▶ [Recorded information]:
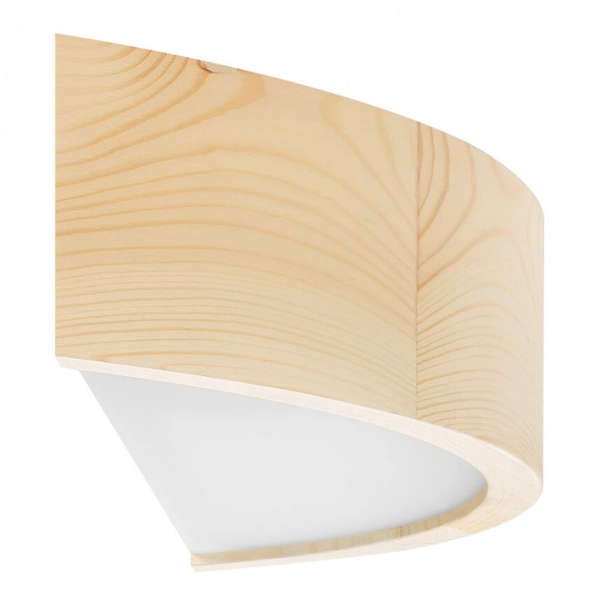 Lampa ścienna Cleo 1307623600202 Temar do salonu loft drewniana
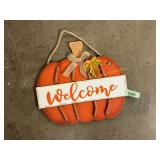 Pumpkin Welcoming Wall Signs 2-ct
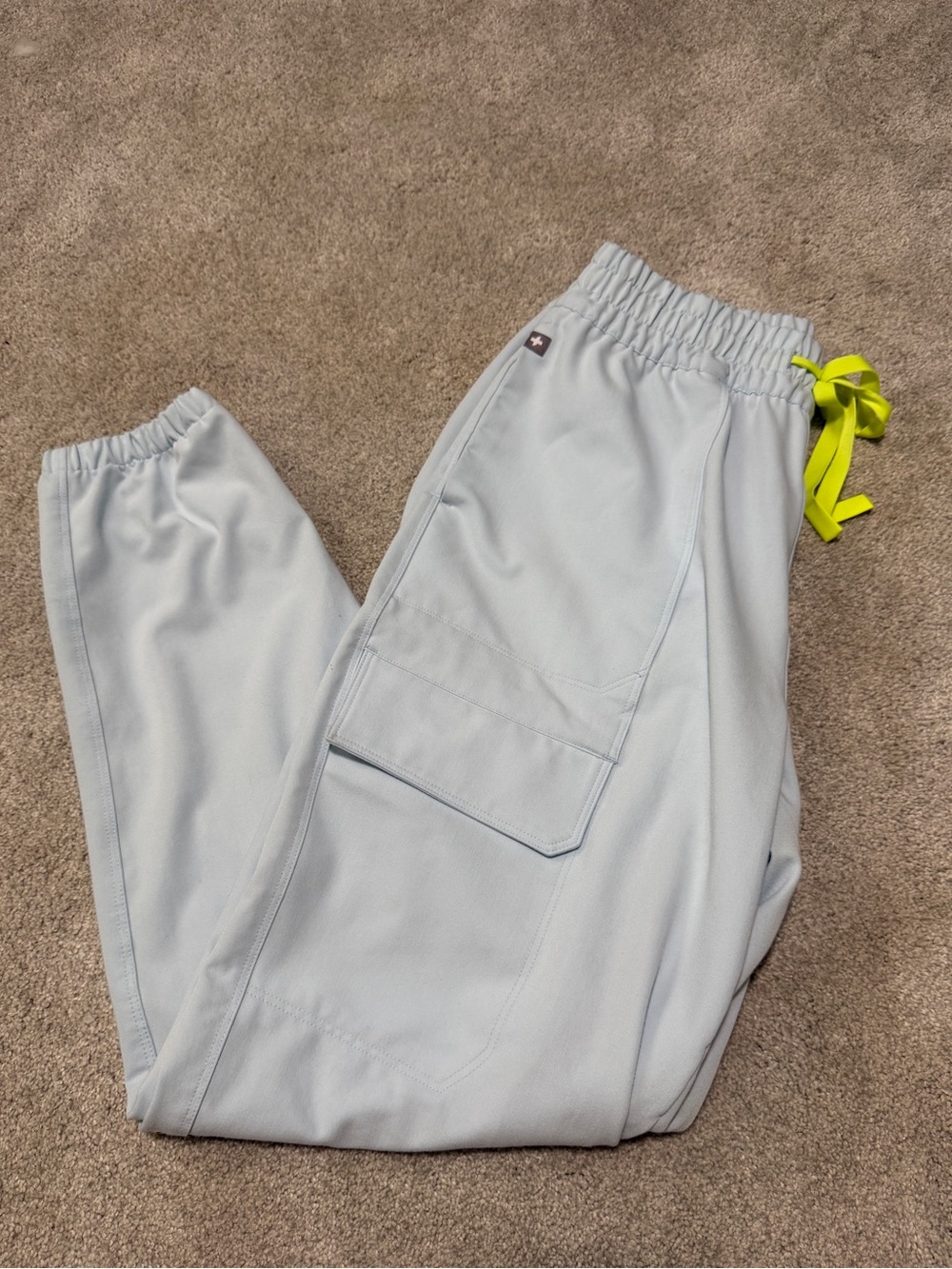 Figs Technical Collection Jogger Scrubs- Color is “Open Skies”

▶ [Exercise instructions]: Write the listing out again in full and unchanged, minus any pictures.

▶ [Reply to the task]:
 Lampa ścienna Cleo 1307623600202 Temar do salonu loft drewniana
 Pumpkin Welcoming Wall Signs 2-ct
 Figs Technical Collection Jogger Scrubs- Color is “Open Skies”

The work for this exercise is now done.